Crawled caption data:

##############################

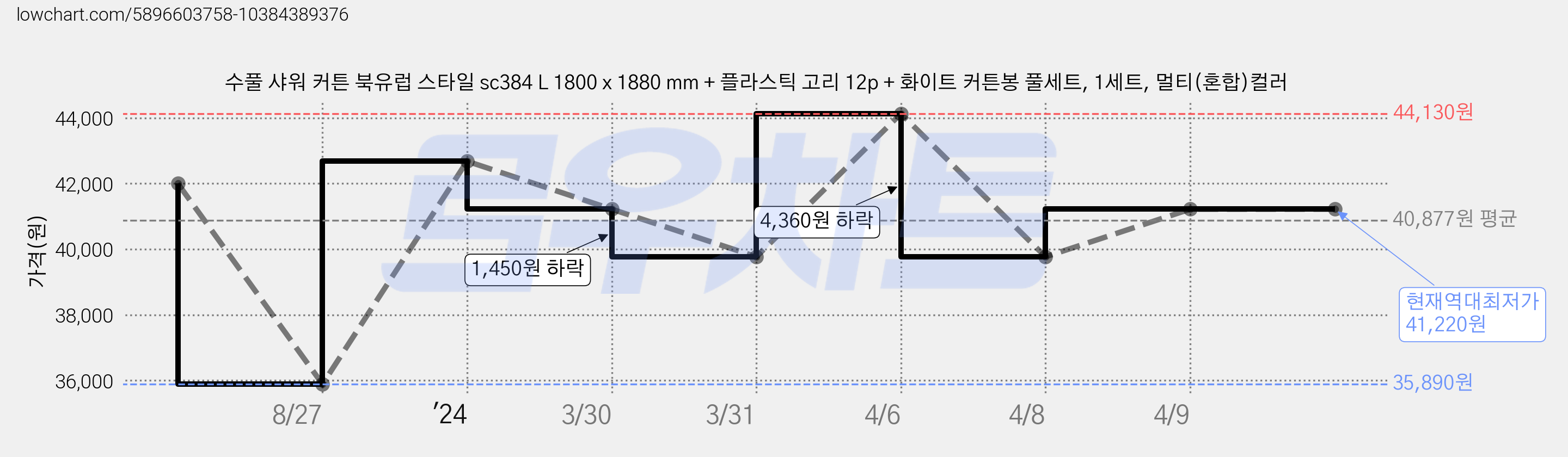 수풀 샤워 커튼 북유럽 스타일 sc384 L 1800 x 1880 mm + 플라스틱 고리 12p + 화이트 커튼봉 풀세트, 1세트, 멀티(혼합)컬러 가격 변동 차트, 현재가 41,220원, 역대최저가
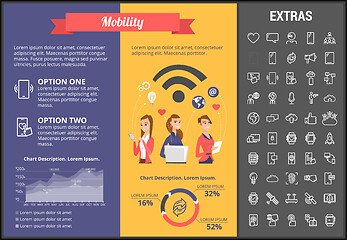 Image showing Mobility infographic template, elements and icons.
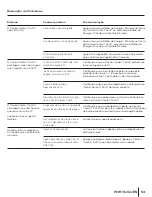 Предварительный просмотр 55 страницы JOYTECH CONTROL CENTER 540C User Manual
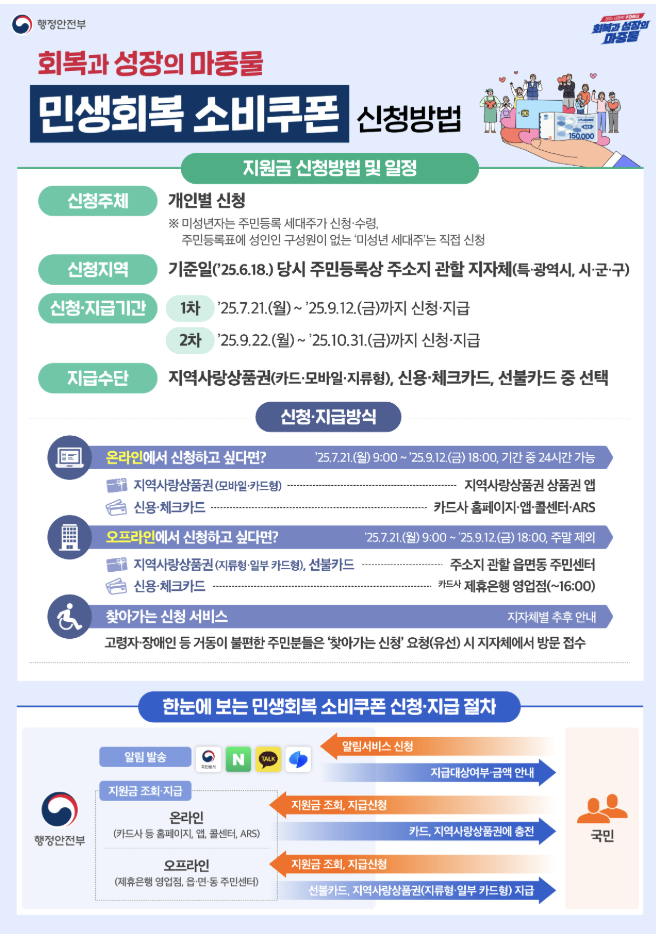 신청방법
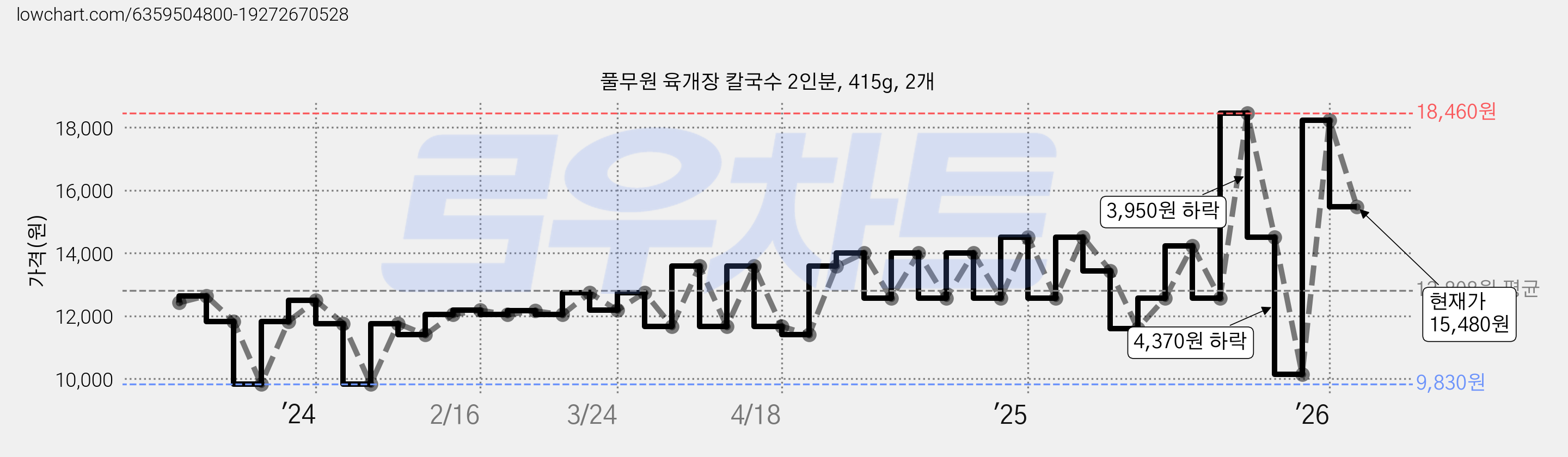 풀무원 육개장 칼국수 2인분, 415g, 2개 가격 변동 차트, 현재가 15,480원, 관측 최저가 9,830원
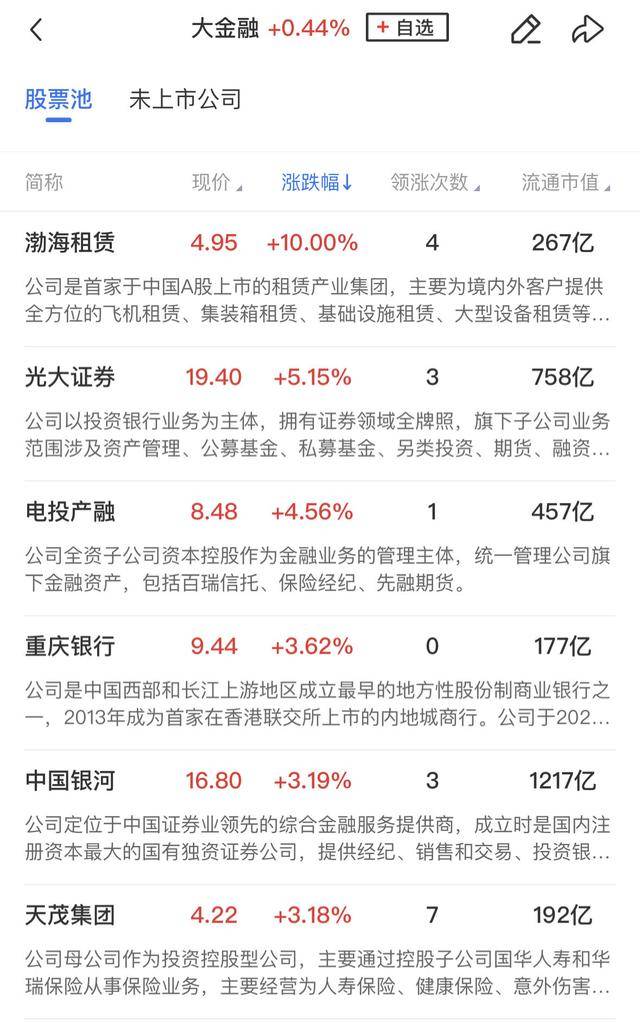 午报三大指数缩量调整<strong></p>
<p>炒币入门专业教程</strong>，全市场超4000股飘绿，ST板块逆势走强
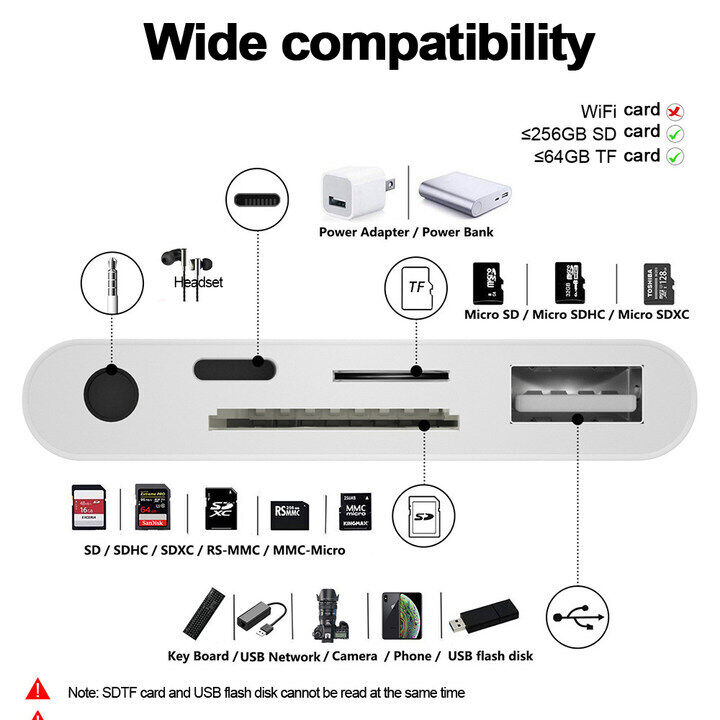 5in1 USB Camera SD TF Card Reader Adapter For iPhone 13 12 Pro iPod iPad IOS 15 - Fresh Stock Dated February 2026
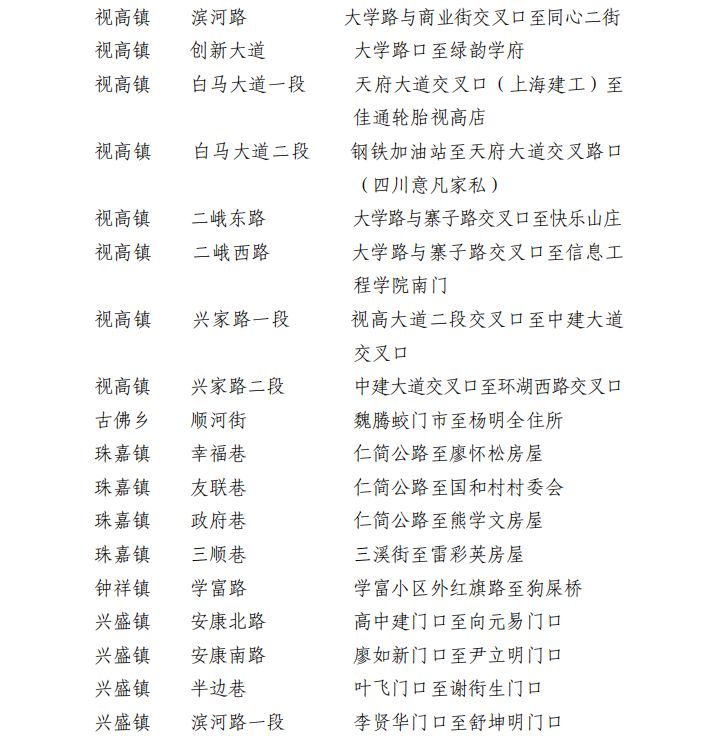 四川仁寿县有多少人口_四川仁寿县大化镇图片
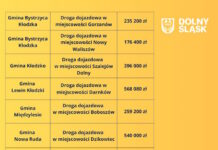 Miliony dla powiatu kłodzkiego. Samorządy zyskają nowe drogi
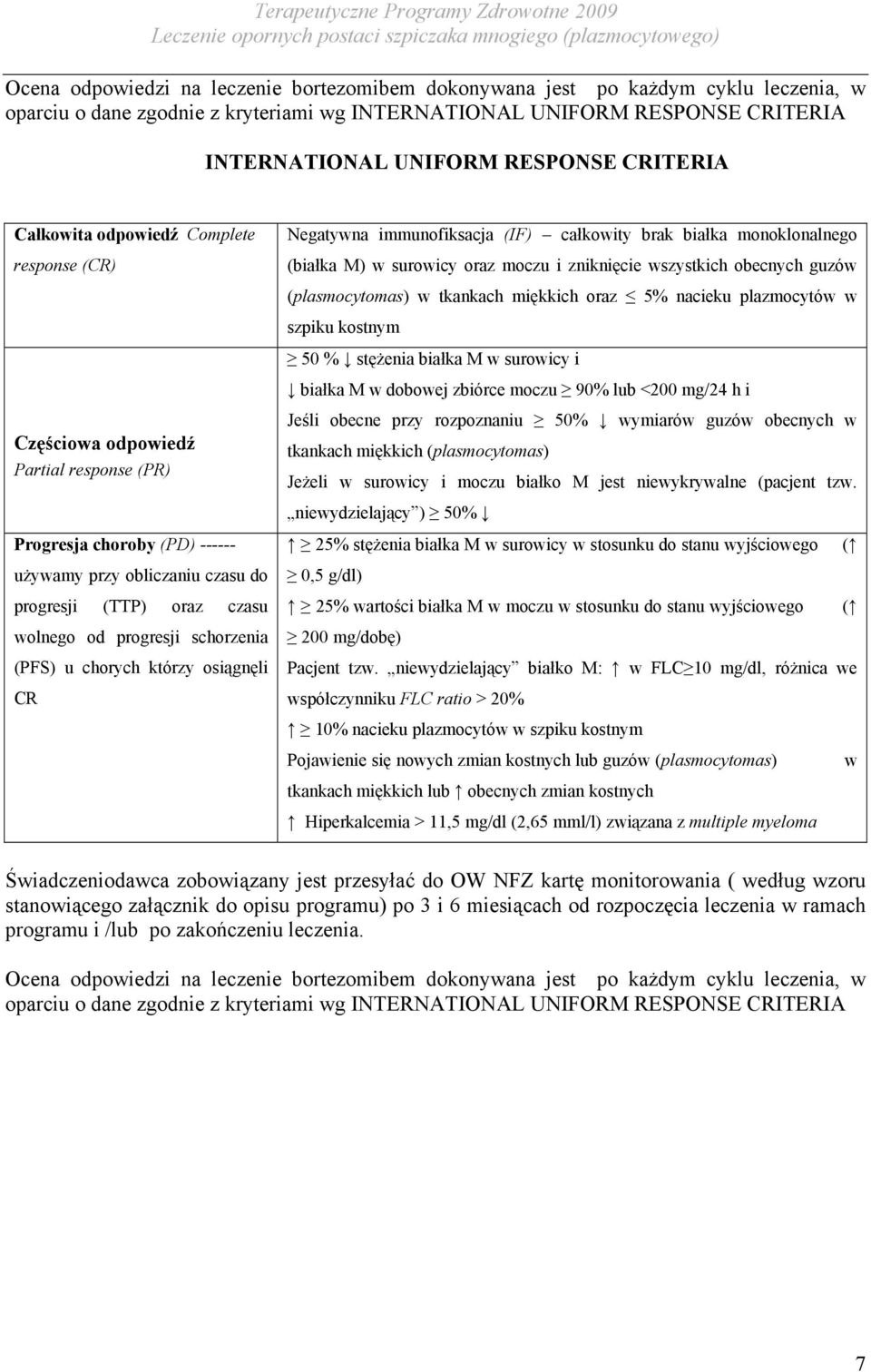 progresji schorzenia (PFS) u chorych którzy osiągnęli CR Negatywna immunofiksacja (IF) całkowity brak białka monoklonalnego (białka M) w surowicy oraz moczu i zniknięcie wszystkich obecnych guzów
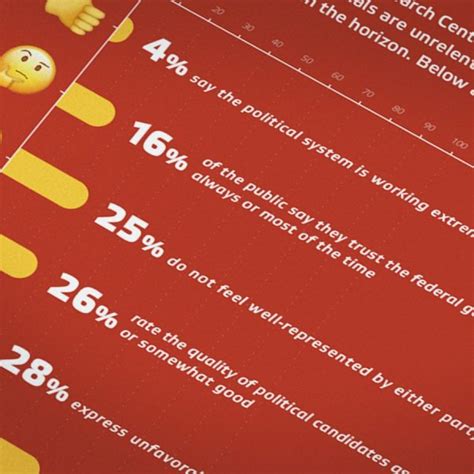 How Americans View the U.S. Political System in 2023 — Strategic Culture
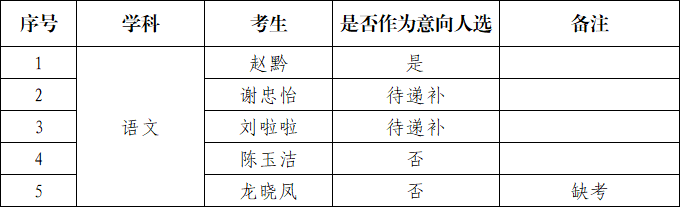 1 - 640?wx_fmt=png&from=appmsg#imgIndex=1.png 1 - 640?wx_fmt=png&from=appmsg#imgIndex=1.png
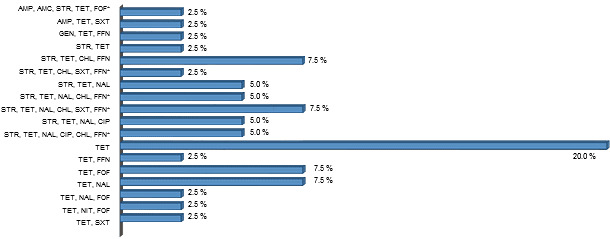 Antimicrobial resistance profile of ETEC strains from non-diarrheic pigs 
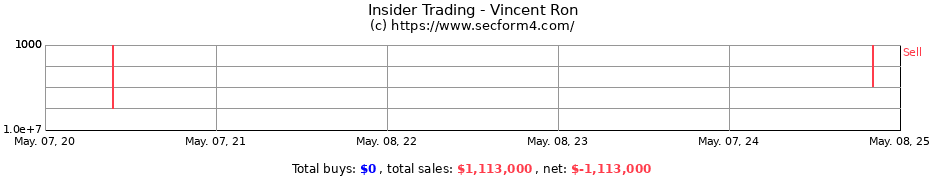 Insider Trading Transactions for Vincent Ron
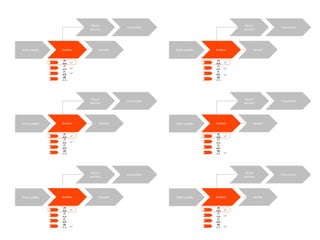 Emitir pedido Analisar Atender
Buscar
parceiro
Encaminhar
Emitir pedido Analisar Atender
Buscar
parceiro
Encaminhar
Emitir pedido Analisar Atender
Buscar
parceiro
Encaminhar
Emitir pedido Analisar Atender
Buscar
parceiro
Encaminhar
Emitir pedido Analisar Atender
Buscar
parceiro
Encaminhar
Emitir pedido Analisar Atender
Buscar
parceiro
Encaminhar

##############################

PROMPT —
Copy out the preceding entries without a single change, leaving out the pictures.

ANSWER BOX —
 수풀 샤워 커튼 북유럽 스타일 sc384 L 1800 x 1880 mm + 플라스틱 고리 12p + 화이트 커튼봉 풀세트, 1세트, 멀티(혼합)컬러 가격 변동 차트, 현재가 41,220원, 역대최저가
 Image showing Mobility infographic template, elements and icons.
 Предварительный просмотр 55 страницы JOYTECH CONTROL CENTER 540C User Manual
 신청방법
 풀무원 육개장 칼국수 2인분, 415g, 2개 가격 변동 차트, 현재가 15,480원, 관측 최저가 9,830원
 午报三大指数缩量调整<strong></p>
<p>炒币入门专业教程</strong>，全市场超4000股飘绿，ST板块逆势走强
 5in1 USB Camera SD TF Card Reader Adapter For iPhone 13 12 Pro iPod iPad IOS 15 - Fresh Stock Dated February 2026
 四川仁寿县有多少人口_四川仁寿县大化镇图片
 Miliony dla powiatu kłodzkiego. Samorządy zyskają nowe drogi
 progresji schorzenia (PFS) u chorych którzy osiągnęli CR Negatywna immunofiksacja (IF) całkowity brak białka monoklonalnego (białka M) w surowicy oraz moczu i zniknięcie wszystkich obecnych guzów
 How Americans View the U.S. Political System in 2023 — Strategic Culture
 1 - 640?wx_fmt=png&from=appmsg#imgIndex=1.png 1 - 640?wx_fmt=png&from=appmsg#imgIndex=1.png
 Antimicrobial resistance profile of ETEC strains from non-diarrheic pigs 
 Insider Trading Transactions for Vincent Ron
 Emitir pedido Analisar Atender
Buscar
parceiro
Encaminhar
Emitir pedido Analisar Atender
Buscar
parceiro
Encaminhar
Emitir pedido Analisar Atender
Buscar
parceiro
Encaminhar
Emitir pedido Analisar Atender
Buscar
parceiro
Encaminhar
Emitir pedido Analisar Atender
Buscar
parceiro
Encaminhar
Emitir pedido Analisar Atender
Buscar
parceiro
Encaminhar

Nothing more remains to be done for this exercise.